Los 17 minutos que estuvo Gasol en la pista el domingo resultaron ser tiempo más que suficiente para que el español exhibiera todo su catálogo de habilidades en el juego. Jackson, entrenador de los Lakers, le dio la oportunidad de saltar a la cancha en el último minuto de la primera parte, haciendo posible que Pau rematara la primera jugada de su equipo con un mate en la cancha de la confederación Este, estrenándose así en su marcador personal del partido, que acabaría sumando 14 puntos , 8 rebotes, una asistencia y un tapón. El partido acabaría, sin grandes problemas para los amarillos, en un 146-119, la mayor diferencia de los últimos años.

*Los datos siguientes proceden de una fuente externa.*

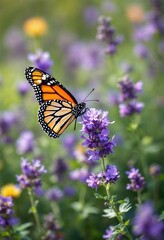 Naklejka premium Monarch butterfly feeding on purple flowers in a meadow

“Estoy contento con mi actitud, con el resultado y con mi aportación”, comentaba el jugador después del partido, centrado ya en una expectativa más alta: lograr el primer anillo de la NBA para un jugador español, como ya han llegado tres españoles al All Star, y uno al concurso de mates.
Pau Gasol ya no es el desconocido español que pasó de puntillas por su primer All Star, con los Memphis Grizzlies. Este año, el jugador es pivot titular de los Lakers, el equipo con el mejor porcentaje de victorias de la primera mitad de la liga regular; Gasol ya no es un jugador más en la vorágine deportiva de la NBA, la mejor competición de baloncesto del planeta. Pau es la pieza que completa el equipo, sumando sus fuerzas a las excepcionales cualidades de Kobe Bryant, y haciendo del conjunto de Los Ángeles una auténtica pesadilla para todos sus rivales esta temporada.